After googling and reading for a few days, I've come to such vision of implementation:
Since StreamReader is good at sequential access, use it to build an index of lines/words in file (List<List<long>>
map, where map[i][j]
is position where jth word of ith line starts). And then use the index to access file through MemoryMappedFile, since it good at providing random access.
Are there some obvious flaws in the solution? Would it be optimal for a given task?
UPD: It will be executed at 64bit system.
Upvotes: 1
Views: 944
Reputation: 6335
I believe your solution is a good start - even thou List container is not the best Map container - Lists are very slow to read arbitrary elements.

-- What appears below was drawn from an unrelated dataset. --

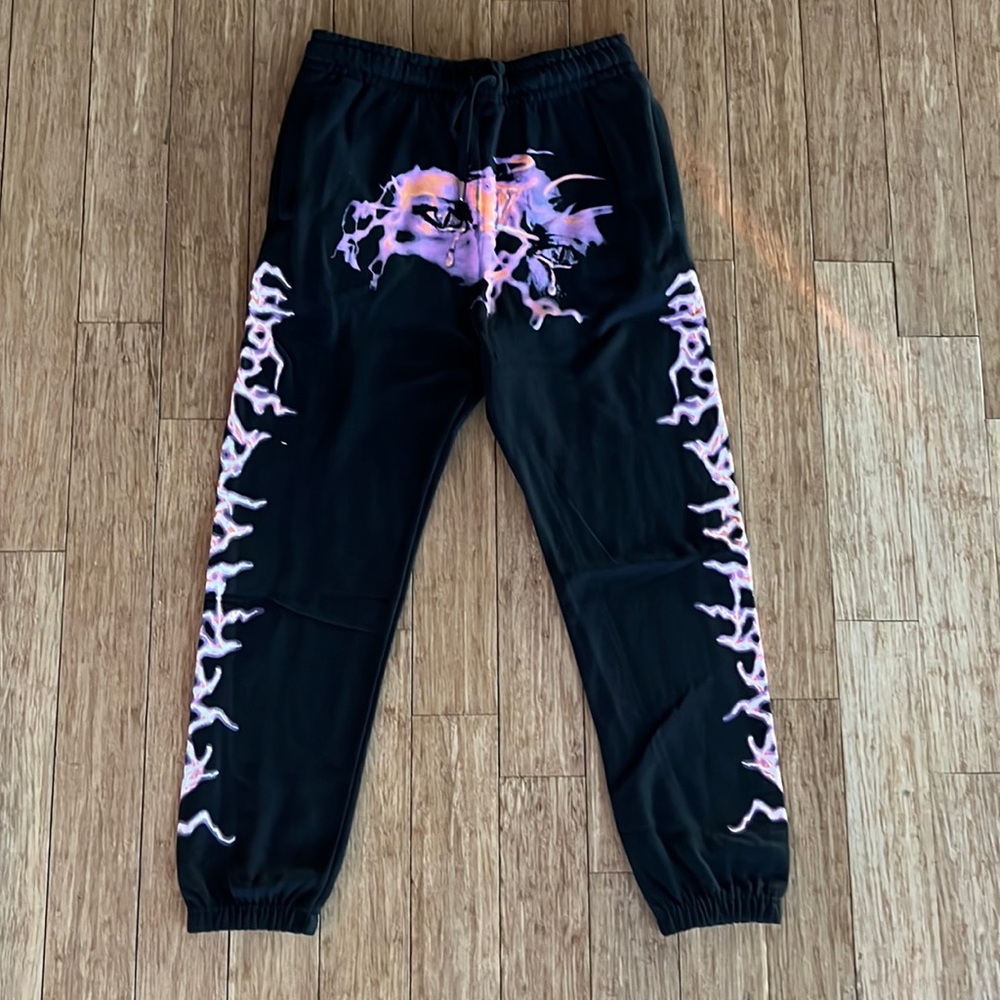 Vlone x NeverBrokeAgain Eyes Sweats - Black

I would test whether doing List<List<long>>
map is the best in terms of memory/speed tradeoff - since OS caches memory maps at page boundaries (4096 bytes on x86/x64), it might be actually faster to only look up the address of the start of each line, and then scan the line looking for words.
Obviously, this approach would only work on 64bit OS, but the performance benefit of an MMap is significant - this is one of the few places where going 64bit matters a lot - database applications :)
Upvotes: 2
Reputation: 155523
It seems fine, but if you're using MemoryMapping then your program will only work on a 64-bit system because you're excessing the effective 2GB address space available.
You'll be fine with just using a FileStream
and calling .Seek()
to jump to the selected offset as appropriate, so I don't see a need for using MemoryMapped files.
Upvotes: 5